As for x x x respondents Bernadine Roaquin (“Roaquin”) and Albert Agsaoay (“Agsaoay”), petitioners insisted they voluntarily resigned from their posts. Roaquin signed a Release, Waiver and Quitclaim while Agsaoay signed a Certification to confirm that he received his salary and benefits and had no complaints against petitioners. Along the same strain, petitioners presented the respective Sinumpaang Salaysay of one Melba Pacheca and Nida Bahe. They were the employees who averred that Berdin likewise resigned when he was caught surreptitiously taking food out of the kitchen for his girlfriend.
The Sinumpaang Salaysay of a certain Lando Villanueva, another employee, affirmed that x x x respondent Ma. Gina Benitez (“Benitez”) was caught sleeping with x x x respondent Reynante at the workers’ quarters, in violation of management rules. The couple immediately left their jobs, but returned a year later beseeching petitioners to accept them back. Petitioners took pity on them giving Reynante a job albeit there was no vacancy at that time, and allowing the couple to live in the workers’ quarters. When Reynante’s employment was terminated on 31 January 2000, Benitez went with him voluntarily and left her job.
Petitioners then claimed that x x x respondents-spouses Evelyn and Anacleto Bastan had a misunderstanding with their co-employees. They decided to leave their posts, despite the management’s pleas for them to stay.

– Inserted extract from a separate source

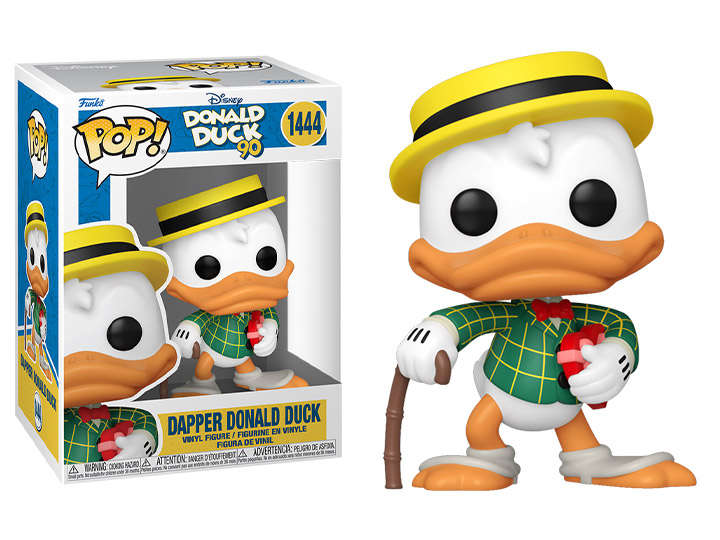Funko POP! DISNEY DONALD DUCK 90TH DONALD DUCK DAPPER VIN FIG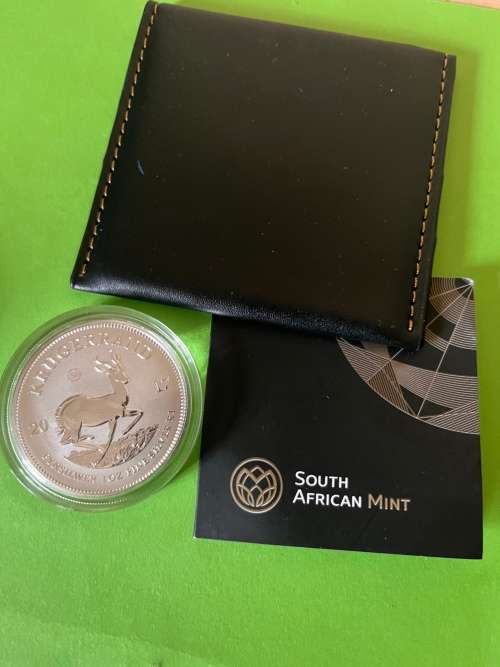 2017 kruger rand one ounce Silver..Crazy R1 start...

Still and all, the NLRC remained unperturbed and dismissed the Appeal in the assailed Decision dated 28 December 2007. Petitioners moved for reconsideration thereof but obtained no favorable relief in the challenged Resolution dated 30 March 2009.[11]
After considering the arguments presented by the respondents[12] in their memorandum of appeal, it appears that the respondents failed to submit sufficient evidence to compel Us to reverse the findings of the Labor Arbiter. There is no substantial proof presented that the money claims were paid to the complainants.[13] The best evidence of such payment is the payroll, whereas in this case, respondents merely allege payment.
Moreover, respondents indirectly admit that they give less than the statutory benefits to the employees on the ground that the latter were provided facilities computed in the amount of [P]75.00 per day x x x and for advances and transportation expenses x x x. Article 97[f] of the Labor Code provides that wages include the fair and reasonable value of board and lodging or other facilities customarily provided by the employer to the employee. It is also well-settled that in deducting the value of facilities from the employees’ wages, three (3) requirements must first be complied with, to wit: 1) proof must be shown that such facilities are customarily furnished by the trade; 2) the provision of deductible facilities must be voluntarily accepted in writing by the employee; finally, 3) facilities must be charged at fair and reasonable value (Mabeza vs. NLRC, et al., G.R. No. 118506, April 18, 1997). In this case, there is no showing that these requirements were complied with by the respondents before deductions were made from the employees’ wages. Respondents failed to prove that such deductions were voluntarily accepted in writing by the employees and that these were customarily furnished by the trade. As such, deduction [from] the salaries is erroneous.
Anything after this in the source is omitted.